Tech Off Thread

8 posts

Forum Read Only

This forum has been made read only by the site admins. No new threads or comments can be added.

(STL) move_if algorithm, what's your take on it ?

Back to Forum: Tech Off
  • User profile image
    Jonas_No

    There's no move_if algorithm so i wrote one.

    What's your opinion of it (improvements, bugs, etc...) ?

    template <typename FwdIt, typename Container, typename Predicate>
    inline FwdIt move_if(FwdIt first, FwdIt last, Container &cont, Predicate pred)
    {
        if (first == last)
            return last; // Empty so nothing to move
        const size_t size = count_if(first, last, pred);
        if (size == 0)
            return last; // Nothing to move
        cont.resize(size);
        FwdIt new_end = first;
        auto c = cont.begin();
        for (auto i = first; i != last; ++i)
        {
            if (pred(*i)) // Should it move it ?
                *c++ = move(*i);
            else
                *new_end++ = move(*i);
        }
        return new_end;
    }

    How you use it:

    int main()
    {
        vector<int> v(10);
        generate(v.begin(), v.end(), [] () -> int {
            static size_t i = 1;
            return i++ * 11;
        });
    
        vector<int> n;
        auto new_end = move_if(v.begin(), v.end(), n, [](int i){return (i % 2)==0;});
        v.erase(new_end, v.end());
    
        auto print_vec_int = [](vector<int> v) {
            cout << "[" << v.size() << "]";
            for_each(v.cbegin(), v.cend(), [](const int &i) {
                cout << " " << i;
            });
            cout << endl;
    
        };
    
        print_vec_int(v);
        print_vec_int(n);
    }
    /* Output:
    [5] 11 33 55 77 99
    [5] 22 44 66 88 110
    */
     

  • User profile image
    STL

    You should use make_move_iterator() with copy_if() instead:

    C:\Temp>type meow.cpp
    #include <algorithm>
    #include <iostream>
    #include <iterator>
    #include <ostream>
    #include <string>
    #include <vector>
    using namespace std;
    
    int main() {
        vector<string> dst;
    
        {
            vector<string> src;
    
            src.push_back("The Motion Picture");
            src.push_back("The Wrath Of Khan");
            src.push_back("The Search For Spock");
            src.push_back("The Voyage Home");
            src.push_back("The Final Frontier");
            src.push_back("The Undiscovered Country");
            src.push_back("Generations");
            src.push_back("First Contact");
            src.push_back("Insurrection");
            src.push_back("Nemesis");
            src.push_back("Star Trek");
    
            copy_if(
                make_move_iterator(src.begin()),
                make_move_iterator(src.end()),
                back_inserter(dst),
                [](const string& s) {
                    return s != "The Final Frontier";
                }
            );
        }
    
        for (auto i = dst.begin(); i != dst.end(); ++i) {
            cout << *i << endl;
        }
    }
    
    C:\Temp>cl /EHsc /nologo /W4 /MTd meow.cpp
    meow.cpp
    
    C:\Temp>meow
    The Motion Picture
    The Wrath Of Khan
    The Search For Spock
    The Voyage Home
    The Undiscovered Country
    Generations
    First Contact
    Insurrection
    Nemesis
    Star Trek

  • User profile image
    STL

    I should explain what's wrong with your move_if():

    1. It requires forward iterators. copy_if() accepts input iterators.

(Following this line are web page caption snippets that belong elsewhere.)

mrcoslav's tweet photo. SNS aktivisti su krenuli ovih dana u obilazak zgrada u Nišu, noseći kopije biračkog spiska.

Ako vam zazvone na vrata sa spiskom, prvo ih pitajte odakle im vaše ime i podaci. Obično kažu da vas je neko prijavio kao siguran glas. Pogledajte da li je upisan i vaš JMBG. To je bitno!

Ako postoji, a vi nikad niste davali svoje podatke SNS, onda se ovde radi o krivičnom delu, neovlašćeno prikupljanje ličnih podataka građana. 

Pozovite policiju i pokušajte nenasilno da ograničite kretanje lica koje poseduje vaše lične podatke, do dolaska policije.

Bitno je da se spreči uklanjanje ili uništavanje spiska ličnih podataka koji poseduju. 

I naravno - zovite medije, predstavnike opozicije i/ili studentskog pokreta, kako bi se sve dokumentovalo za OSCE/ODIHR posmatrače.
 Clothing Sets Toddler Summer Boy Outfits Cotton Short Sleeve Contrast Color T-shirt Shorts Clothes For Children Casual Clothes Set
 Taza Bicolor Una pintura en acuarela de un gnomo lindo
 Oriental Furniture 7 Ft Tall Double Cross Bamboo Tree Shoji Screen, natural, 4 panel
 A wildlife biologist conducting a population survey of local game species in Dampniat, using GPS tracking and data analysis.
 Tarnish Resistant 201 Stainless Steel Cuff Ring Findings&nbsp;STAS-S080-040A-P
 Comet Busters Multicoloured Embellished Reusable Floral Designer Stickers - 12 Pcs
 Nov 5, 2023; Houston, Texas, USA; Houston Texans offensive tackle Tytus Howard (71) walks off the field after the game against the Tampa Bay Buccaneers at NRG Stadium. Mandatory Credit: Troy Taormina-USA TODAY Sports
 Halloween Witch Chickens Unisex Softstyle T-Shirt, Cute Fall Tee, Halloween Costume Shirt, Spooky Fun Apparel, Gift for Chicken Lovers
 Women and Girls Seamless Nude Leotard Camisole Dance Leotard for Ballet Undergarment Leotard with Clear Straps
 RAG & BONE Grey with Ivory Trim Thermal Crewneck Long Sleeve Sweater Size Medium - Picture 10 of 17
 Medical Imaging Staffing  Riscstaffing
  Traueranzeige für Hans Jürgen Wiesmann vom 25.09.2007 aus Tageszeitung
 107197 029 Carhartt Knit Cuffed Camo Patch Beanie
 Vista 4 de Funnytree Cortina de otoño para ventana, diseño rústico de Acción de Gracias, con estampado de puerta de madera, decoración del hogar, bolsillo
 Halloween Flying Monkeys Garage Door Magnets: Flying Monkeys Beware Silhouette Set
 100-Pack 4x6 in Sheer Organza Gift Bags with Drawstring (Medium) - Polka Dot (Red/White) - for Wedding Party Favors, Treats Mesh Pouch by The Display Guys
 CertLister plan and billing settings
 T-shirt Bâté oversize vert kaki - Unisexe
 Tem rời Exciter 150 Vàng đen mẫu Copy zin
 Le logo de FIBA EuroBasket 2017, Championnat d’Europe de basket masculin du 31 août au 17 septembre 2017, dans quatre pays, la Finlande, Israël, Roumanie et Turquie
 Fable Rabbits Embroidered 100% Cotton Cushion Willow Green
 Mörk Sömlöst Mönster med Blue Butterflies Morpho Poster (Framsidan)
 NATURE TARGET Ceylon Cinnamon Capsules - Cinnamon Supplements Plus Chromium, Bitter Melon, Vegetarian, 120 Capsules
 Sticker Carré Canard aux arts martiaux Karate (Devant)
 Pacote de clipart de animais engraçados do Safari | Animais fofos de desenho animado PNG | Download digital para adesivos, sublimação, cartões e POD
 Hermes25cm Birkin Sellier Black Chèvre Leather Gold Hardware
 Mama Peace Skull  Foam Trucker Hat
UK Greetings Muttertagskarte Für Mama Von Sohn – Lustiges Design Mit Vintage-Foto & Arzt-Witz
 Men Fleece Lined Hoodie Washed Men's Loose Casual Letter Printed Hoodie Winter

    2. It writes into a container. copy_if() writes into an iterator, which is more general.

    3. It performs two passes, applying the predicate 2N times. copy_if() performs a single pass.

    4. It's not actually imitating copy_if(). It's imitating partition_copy(), which splits a source range into two output ranges (but not exactly, as partition_copy() prohibits input overlapping output).

  • User profile image
    Jonas_No

    Good points.

    1. I'm not sure what the difference is between forward iterators and input iterators.
    Isn't forward iterator the most generic iterator ? I'll have to refresh my c++ knowledge.

    2. Yes, it did feel wrong using a container. Using a container is less general too. Now when i think about it, i should have gone for the more general way.

    2 and 3: At the time i was thinking that the programmer would usually alloc up a new container with the needed size anyway so why not do it in the function. But yes it does limit its usability.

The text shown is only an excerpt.